Scraped caption text data:
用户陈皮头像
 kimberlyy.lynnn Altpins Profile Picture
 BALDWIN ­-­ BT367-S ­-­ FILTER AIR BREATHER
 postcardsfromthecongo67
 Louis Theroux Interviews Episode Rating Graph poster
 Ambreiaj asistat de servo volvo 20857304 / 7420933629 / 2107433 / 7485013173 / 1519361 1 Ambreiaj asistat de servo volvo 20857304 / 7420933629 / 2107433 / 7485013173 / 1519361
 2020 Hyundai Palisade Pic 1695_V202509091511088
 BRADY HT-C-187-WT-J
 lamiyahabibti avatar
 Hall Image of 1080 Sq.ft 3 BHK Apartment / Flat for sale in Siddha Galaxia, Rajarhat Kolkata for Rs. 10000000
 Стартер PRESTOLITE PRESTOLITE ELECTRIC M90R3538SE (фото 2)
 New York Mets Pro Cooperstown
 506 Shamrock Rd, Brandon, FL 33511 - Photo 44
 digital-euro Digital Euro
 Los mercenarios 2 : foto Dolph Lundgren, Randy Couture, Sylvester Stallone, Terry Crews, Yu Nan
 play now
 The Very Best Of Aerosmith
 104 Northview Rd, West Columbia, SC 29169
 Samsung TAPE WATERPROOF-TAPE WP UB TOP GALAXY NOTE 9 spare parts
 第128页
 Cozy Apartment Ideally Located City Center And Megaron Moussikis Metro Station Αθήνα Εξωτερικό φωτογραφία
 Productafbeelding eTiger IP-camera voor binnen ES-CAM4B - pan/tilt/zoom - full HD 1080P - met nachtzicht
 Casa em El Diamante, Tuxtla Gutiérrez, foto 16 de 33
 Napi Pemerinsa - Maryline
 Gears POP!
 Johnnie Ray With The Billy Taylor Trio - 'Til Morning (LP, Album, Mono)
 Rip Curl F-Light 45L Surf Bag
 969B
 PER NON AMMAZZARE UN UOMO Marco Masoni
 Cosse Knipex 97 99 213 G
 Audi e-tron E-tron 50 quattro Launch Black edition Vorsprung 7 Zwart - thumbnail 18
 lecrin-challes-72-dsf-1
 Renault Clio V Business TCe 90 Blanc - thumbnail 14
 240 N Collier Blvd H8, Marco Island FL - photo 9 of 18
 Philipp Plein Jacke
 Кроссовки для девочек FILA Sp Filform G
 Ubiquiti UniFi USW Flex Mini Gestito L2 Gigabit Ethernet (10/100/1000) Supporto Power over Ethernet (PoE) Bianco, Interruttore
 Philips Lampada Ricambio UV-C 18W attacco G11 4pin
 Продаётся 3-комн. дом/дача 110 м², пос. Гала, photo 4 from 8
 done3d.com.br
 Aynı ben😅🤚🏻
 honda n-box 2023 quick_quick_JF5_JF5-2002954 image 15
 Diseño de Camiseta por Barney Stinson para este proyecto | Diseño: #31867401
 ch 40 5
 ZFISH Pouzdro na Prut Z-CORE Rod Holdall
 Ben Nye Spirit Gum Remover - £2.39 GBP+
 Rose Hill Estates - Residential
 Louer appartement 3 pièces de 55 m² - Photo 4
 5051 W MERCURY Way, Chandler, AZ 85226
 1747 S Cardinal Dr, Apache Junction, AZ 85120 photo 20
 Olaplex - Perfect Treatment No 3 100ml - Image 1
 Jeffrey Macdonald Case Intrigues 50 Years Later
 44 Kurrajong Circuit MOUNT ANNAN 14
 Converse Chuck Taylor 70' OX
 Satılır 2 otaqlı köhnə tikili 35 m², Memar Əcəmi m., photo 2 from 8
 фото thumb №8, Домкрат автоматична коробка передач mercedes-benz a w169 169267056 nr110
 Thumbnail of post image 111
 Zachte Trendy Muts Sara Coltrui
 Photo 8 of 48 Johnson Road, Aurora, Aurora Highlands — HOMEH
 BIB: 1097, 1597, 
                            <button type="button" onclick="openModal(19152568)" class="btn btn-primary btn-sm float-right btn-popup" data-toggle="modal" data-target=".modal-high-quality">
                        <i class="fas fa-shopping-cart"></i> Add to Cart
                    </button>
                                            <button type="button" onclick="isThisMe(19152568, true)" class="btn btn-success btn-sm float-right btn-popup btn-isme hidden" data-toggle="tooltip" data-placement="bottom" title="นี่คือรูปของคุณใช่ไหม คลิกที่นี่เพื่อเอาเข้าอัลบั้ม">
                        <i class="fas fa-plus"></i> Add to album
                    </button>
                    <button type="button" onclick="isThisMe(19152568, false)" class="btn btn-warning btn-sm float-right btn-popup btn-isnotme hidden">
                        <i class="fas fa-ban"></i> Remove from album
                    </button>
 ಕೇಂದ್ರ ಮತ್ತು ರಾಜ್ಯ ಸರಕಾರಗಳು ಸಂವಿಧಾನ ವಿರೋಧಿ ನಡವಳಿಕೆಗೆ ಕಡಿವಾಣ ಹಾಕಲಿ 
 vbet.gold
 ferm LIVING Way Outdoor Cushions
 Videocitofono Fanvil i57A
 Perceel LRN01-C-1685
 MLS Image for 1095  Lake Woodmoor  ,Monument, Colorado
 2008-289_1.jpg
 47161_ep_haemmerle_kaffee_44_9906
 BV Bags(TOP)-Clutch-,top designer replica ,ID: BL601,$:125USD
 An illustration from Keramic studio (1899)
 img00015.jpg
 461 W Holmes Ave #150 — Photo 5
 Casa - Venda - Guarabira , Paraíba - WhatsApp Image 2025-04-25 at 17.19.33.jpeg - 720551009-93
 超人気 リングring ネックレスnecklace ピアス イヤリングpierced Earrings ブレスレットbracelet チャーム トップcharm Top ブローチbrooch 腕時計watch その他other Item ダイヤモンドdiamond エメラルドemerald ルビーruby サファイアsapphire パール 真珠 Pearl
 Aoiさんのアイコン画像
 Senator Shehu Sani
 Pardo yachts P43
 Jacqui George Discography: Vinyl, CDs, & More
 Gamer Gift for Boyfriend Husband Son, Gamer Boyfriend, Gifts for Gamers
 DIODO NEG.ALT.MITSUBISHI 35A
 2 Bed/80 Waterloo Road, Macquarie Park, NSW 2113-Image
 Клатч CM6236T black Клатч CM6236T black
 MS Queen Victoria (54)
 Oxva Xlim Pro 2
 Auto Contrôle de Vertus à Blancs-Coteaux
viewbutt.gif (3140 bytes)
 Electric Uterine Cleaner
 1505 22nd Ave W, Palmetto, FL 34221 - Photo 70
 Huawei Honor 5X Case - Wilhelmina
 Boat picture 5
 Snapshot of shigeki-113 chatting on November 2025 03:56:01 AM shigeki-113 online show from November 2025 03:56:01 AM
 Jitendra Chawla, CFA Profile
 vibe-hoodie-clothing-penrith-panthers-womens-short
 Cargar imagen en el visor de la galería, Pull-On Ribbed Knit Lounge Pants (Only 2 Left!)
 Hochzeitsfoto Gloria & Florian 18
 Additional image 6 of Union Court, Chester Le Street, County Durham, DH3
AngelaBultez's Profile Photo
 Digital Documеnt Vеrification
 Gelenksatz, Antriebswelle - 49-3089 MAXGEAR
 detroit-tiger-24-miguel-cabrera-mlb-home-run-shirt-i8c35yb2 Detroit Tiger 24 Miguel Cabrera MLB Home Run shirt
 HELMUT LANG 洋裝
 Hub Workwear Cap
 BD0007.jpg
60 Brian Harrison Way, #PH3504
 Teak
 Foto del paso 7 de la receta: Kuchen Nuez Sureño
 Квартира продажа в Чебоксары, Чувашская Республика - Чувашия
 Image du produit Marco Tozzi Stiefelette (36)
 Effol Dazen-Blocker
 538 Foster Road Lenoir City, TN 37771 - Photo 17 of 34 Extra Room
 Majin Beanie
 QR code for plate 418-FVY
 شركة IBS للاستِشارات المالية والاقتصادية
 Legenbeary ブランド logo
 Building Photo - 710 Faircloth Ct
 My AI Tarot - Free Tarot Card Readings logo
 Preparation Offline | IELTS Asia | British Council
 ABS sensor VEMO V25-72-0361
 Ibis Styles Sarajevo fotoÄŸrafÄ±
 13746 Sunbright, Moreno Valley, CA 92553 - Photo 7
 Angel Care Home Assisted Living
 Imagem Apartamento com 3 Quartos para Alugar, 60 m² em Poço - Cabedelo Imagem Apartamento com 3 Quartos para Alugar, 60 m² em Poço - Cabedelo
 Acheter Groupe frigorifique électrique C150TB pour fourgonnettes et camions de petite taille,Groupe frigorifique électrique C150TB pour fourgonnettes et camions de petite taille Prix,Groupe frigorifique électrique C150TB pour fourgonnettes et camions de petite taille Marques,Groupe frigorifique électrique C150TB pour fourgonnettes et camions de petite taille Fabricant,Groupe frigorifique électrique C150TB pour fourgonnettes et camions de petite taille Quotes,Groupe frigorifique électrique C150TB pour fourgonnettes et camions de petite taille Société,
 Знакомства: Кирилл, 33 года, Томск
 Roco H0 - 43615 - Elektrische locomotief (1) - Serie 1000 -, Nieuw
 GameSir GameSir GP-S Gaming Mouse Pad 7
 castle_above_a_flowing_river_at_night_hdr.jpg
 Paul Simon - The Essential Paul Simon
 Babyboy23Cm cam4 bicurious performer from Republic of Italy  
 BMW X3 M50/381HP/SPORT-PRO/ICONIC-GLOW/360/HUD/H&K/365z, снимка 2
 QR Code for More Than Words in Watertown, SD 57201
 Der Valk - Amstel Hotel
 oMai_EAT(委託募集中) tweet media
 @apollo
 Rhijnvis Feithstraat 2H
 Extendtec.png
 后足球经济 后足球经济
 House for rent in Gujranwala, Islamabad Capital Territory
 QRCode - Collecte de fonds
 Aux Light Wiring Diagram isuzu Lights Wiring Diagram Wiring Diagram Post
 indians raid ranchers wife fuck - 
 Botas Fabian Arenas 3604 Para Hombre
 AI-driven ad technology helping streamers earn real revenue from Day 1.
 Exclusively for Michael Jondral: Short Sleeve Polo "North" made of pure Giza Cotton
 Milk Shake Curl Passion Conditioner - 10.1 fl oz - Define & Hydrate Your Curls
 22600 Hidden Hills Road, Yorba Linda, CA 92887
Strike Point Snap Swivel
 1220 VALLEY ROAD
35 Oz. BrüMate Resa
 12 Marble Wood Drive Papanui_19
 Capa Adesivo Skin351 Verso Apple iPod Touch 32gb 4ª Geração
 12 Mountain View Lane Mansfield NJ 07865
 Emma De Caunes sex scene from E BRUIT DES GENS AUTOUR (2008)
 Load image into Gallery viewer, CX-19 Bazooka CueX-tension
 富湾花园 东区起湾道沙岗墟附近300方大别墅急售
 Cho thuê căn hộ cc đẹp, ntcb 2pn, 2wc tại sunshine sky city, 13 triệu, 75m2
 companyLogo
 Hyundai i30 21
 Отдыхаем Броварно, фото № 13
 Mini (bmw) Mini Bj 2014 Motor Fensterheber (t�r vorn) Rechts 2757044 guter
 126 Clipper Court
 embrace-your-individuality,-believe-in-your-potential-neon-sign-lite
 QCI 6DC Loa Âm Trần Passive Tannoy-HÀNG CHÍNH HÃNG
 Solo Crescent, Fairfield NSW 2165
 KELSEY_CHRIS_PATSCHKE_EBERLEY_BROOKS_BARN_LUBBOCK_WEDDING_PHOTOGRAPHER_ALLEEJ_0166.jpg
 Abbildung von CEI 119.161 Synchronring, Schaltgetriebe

* [Problem statement]
What you give back must be the stretch above, starting at the line with "Gamer Gift for" and ending at the line with "AngelaBultez's Profile Photo", copied exactly.

* [Reply to the task]
 Gamer Gift for Boyfriend Husband Son, Gamer Boyfriend, Gifts for Gamers
 DIODO NEG.ALT.MITSUBISHI 35A
 2 Bed/80 Waterloo Road, Macquarie Park, NSW 2113-Image
 Клатч CM6236T black Клатч CM6236T black
 MS Queen Victoria (54)
 Oxva Xlim Pro 2
 Auto Contrôle de Vertus à Blancs-Coteaux
viewbutt.gif (3140 bytes)
 Electric Uterine Cleaner
 1505 22nd Ave W, Palmetto, FL 34221 - Photo 70
 Huawei Honor 5X Case - Wilhelmina
 Boat picture 5
 Snapshot of shigeki-113 chatting on November 2025 03:56:01 AM shigeki-113 online show from November 2025 03:56:01 AM
 Jitendra Chawla, CFA Profile
 vibe-hoodie-clothing-penrith-panthers-womens-short
 Cargar imagen en el visor de la galería, Pull-On Ribbed Knit Lounge Pants (Only 2 Left!)
 Hochzeitsfoto Gloria & Florian 18
 Additional image 6 of Union Court, Chester Le Street, County Durham, DH3
AngelaBultez's Profile Photo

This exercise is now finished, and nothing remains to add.